Restructuring of some Vietnam banks likely to be taken up within this year

Restructuring plan for ailing banks from now till the end of this year is gradually revealed.

At a press conference late last week, representatives of the State Bank of Vietnam (SBV) officially confirmed that Global Petroleum Commercial Joint Stock Bank (GP.Bank), Nam Viet Commercial Joint Stock Bank (Navibank), Great Trust Commercial JS Bank (TrustBank) and Western Commercial Joint Stock Bank (Western Bank) are in the list of weak banks that have to restructure from now until the end of 2012.

The central bank said that these banks have to reorganize because of their weak liquidity position. Although according to the report of these banks, their bad debt ratio was only around 2%, according to an examination of the central bank’s inspectorate and independent auditing, the bad debt ratio of these banks is up to tens of percent, even up to 60 percent and losing chartered capital.

The central bank’s representative confirmed that these four banks have not come up the optimal restructuring plan, but they will have to re-structure in 2012. In addition, the central bank also said that it will submit to the government a scheme to establish the national debt trading company on November 15. These are the synchronous steps to speed up the process of bank restructuring.

According to the information from the local Newswire Bao Dau Tu (Vietnam Investment Review), in addition to these four banks in the restructuring list, a merger and acquisition (M&A) deal between the two banks in the South has been almost completed though these two banks are not included in the restructuring list. In addition, a number of other banks are actively learning from each other and encouraged by the central bank for merger and acquisition. Thus, from now until the end of the year, there will be a series of M&A deals in the banking sector.

Notably, although the central bank announced the name of these banks in the coming restructuring list, the market received information in a calm way because the roadmap for bank restructuring was given by the central bank earlier. Moreover, the SBV Governor has ensured not to let any banks collapse and create trust for people.

The common point of these four banks is very low information transparency. However, the restructuring plan of Western Bank and Navibank is partially clear.

Navibank organized its annual general meeting (AGM) 2012 earliest amongst these four banks. According the second quarter business results announced by the bank, the bank’s non-performing loan (NPL) ratio as of June 30 was 3.14%. Its after tax profit in the first six months of 2012 was 91.5 billion dong, down slightly from the same period in 2011.
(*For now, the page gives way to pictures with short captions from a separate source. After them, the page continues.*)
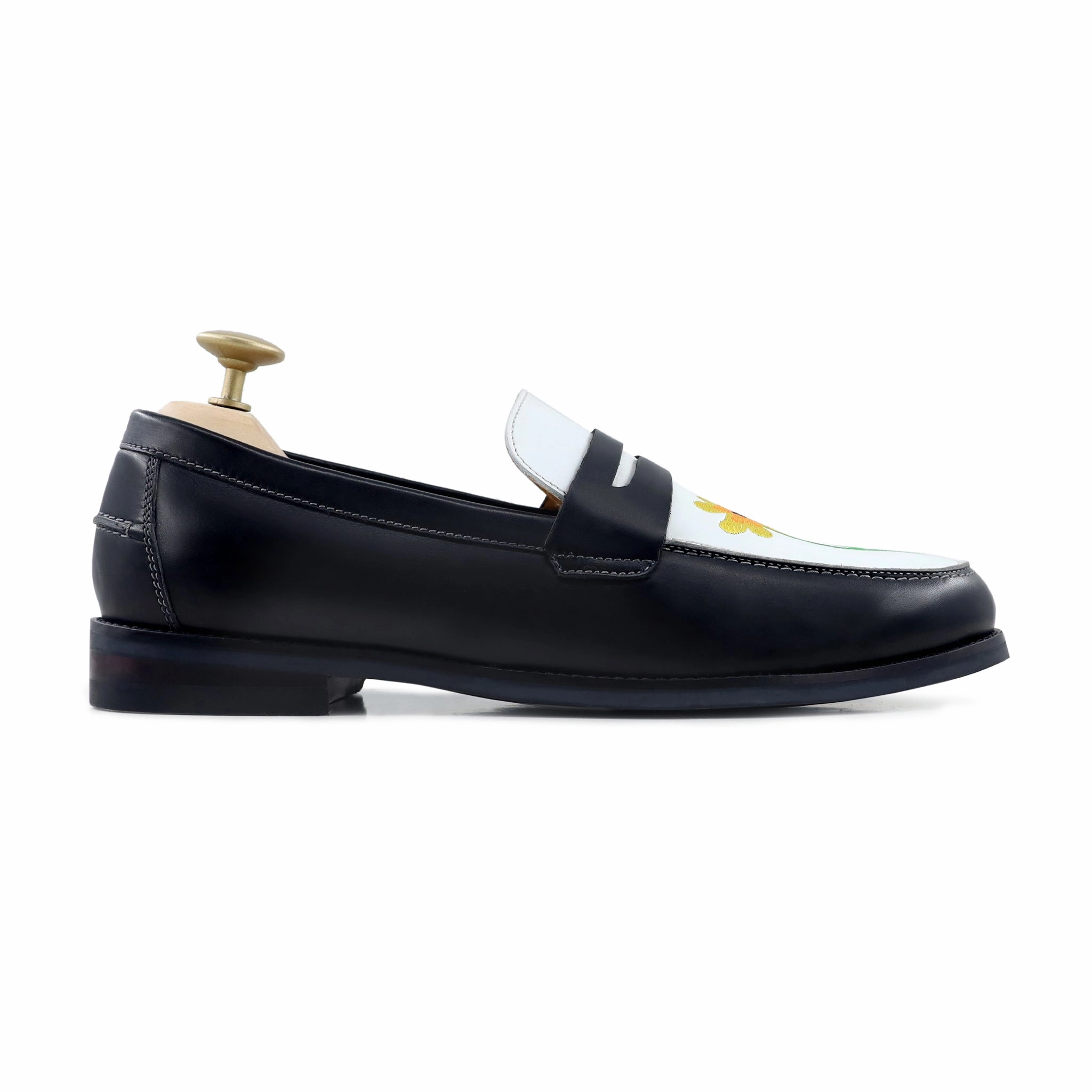 Boulia - Men's Black and White Calf Leather Loafer (Sunflower Embroidery) Suede Loafers For Men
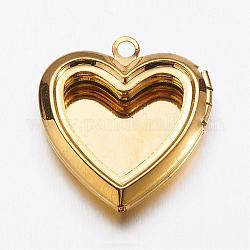 Colgantes de latón medallón, corazón, dorado, 25x23x5mm, agujero: 1.5 mm
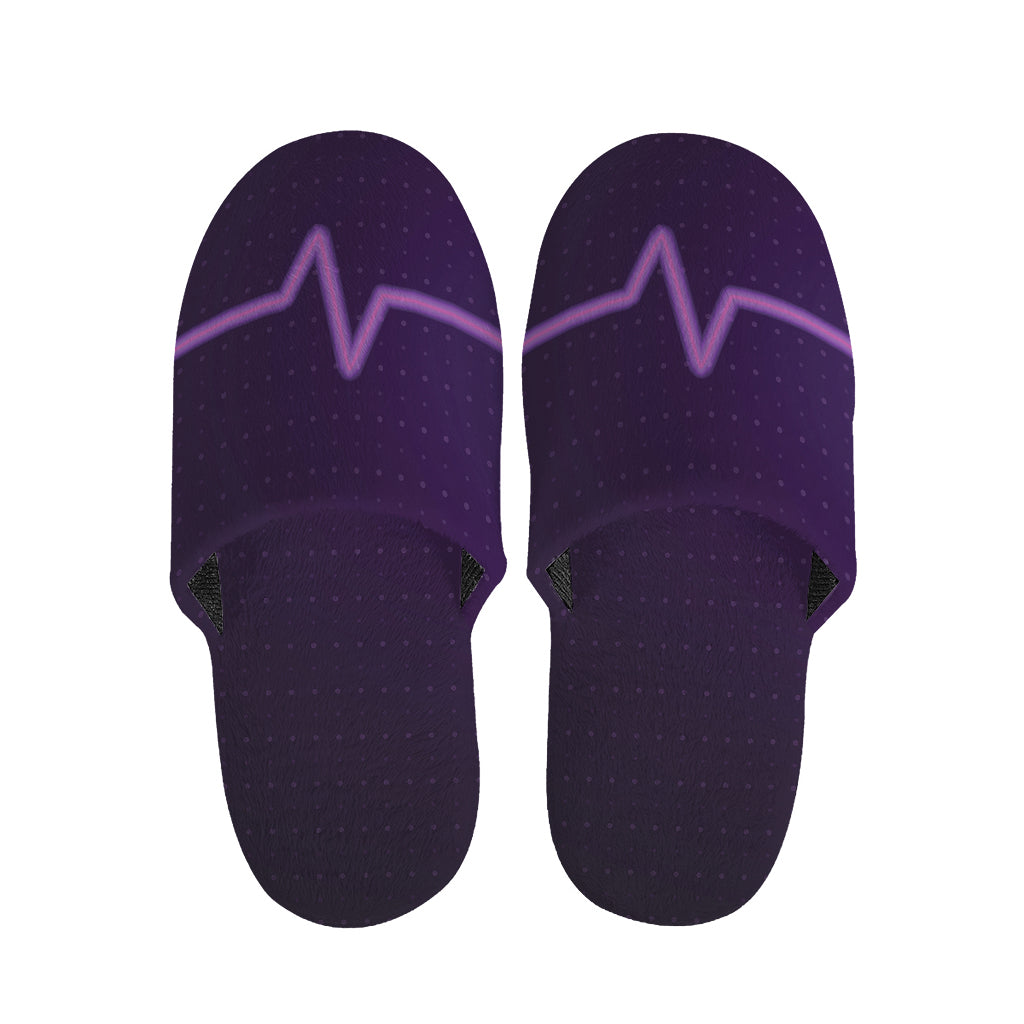 Purple Heartbeat Print Slippers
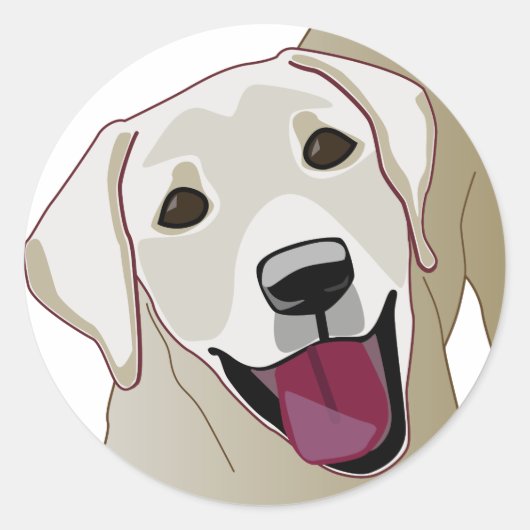 Labrador Retriever Ronde Sticker (Voorkant)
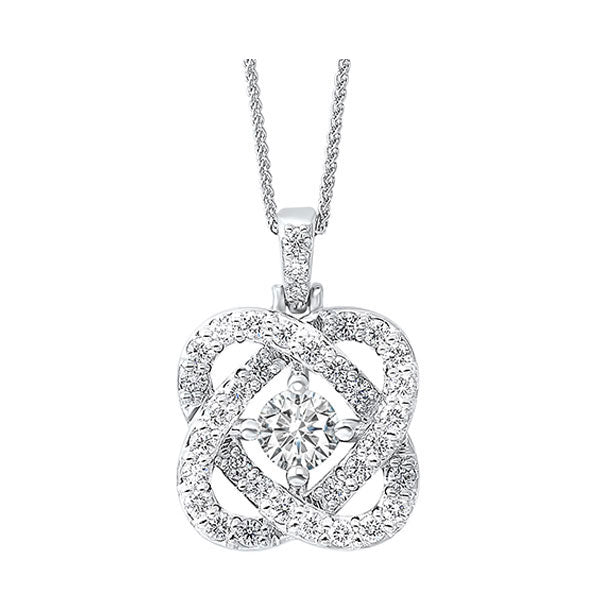 diamond infinity love heart knot pendant necklace in 14k white gold (1ctw)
Particularly, at the AGM held on June 3, Dang Thanh Tam, a permanent member of Navibank’s Board of directors said Navibank to use its internal resources, namely the undistributed profits to restructure, consolidate its assets and enhance financial capacity.

Nguyen Van Dung, SBV’s HCM City branch’s deputy director also confirmed the central bank allows Navibank to restructure themselves by its own resources and does not need to merge with other banks.

With Western Bank, the bank’s operations have potentially huge risks by sparing too much loans on internal shareholders and backyard companies. Western Bank’s audited consolidated financial statements in 2011 showed that, in 2011, the bank’s credit growth was up to 123.5%. However, its profit was relatively modest and the average return on equity (ROE) was only 4.84%.

About restructuring plan, analysts said that it is likely that Western Bank will merge with PetroVietnam Finance JS Corp (PVFC) as rumoured by the media recently. The western Bank’s restructuring plan can be made at the bank’s shareholders’ meeting, which is scheduled to take place in November or December.

Meanwhile, information about the restructuring of GP Bank and Trust Bank was very rare on the market. With GPBank, after seven years of establishment, GPBank still is a small-sized banks. There have not been information about the operation results as well as the structure of shareholders being made public, except the annual report in 2010. According to this report, the bank’s NPL ratio in 2010 was only 1.83%. However, due to non-transparent information, we cannot confirm if this is the correct data.

With TrustBank, its audited consolidated fiscal statement 2011 showed unsatisfactory figures with after tax profit of nearly 164 billion dong and bad debts from Group 3 to 5 were up to nearly 200 billion dong. The bank’s structure of shareholders as of December 31, 2011 included so many units such as Hung Vuong Insurance JSC (11%), Dai Viet Securities JSC (10.52%), Lam Giang Real Estate JSC (11%), Phu My Ltd Co (10%), Phu My JSC (9.5%) and Vietnam Gold Trading and Investment JSC (6%).

According to the analysts, with the current situation, GPBank and Trustbank will be difficult to be able to re-structure themselves, which will have to choose the plan of consolidation or merger with other banks.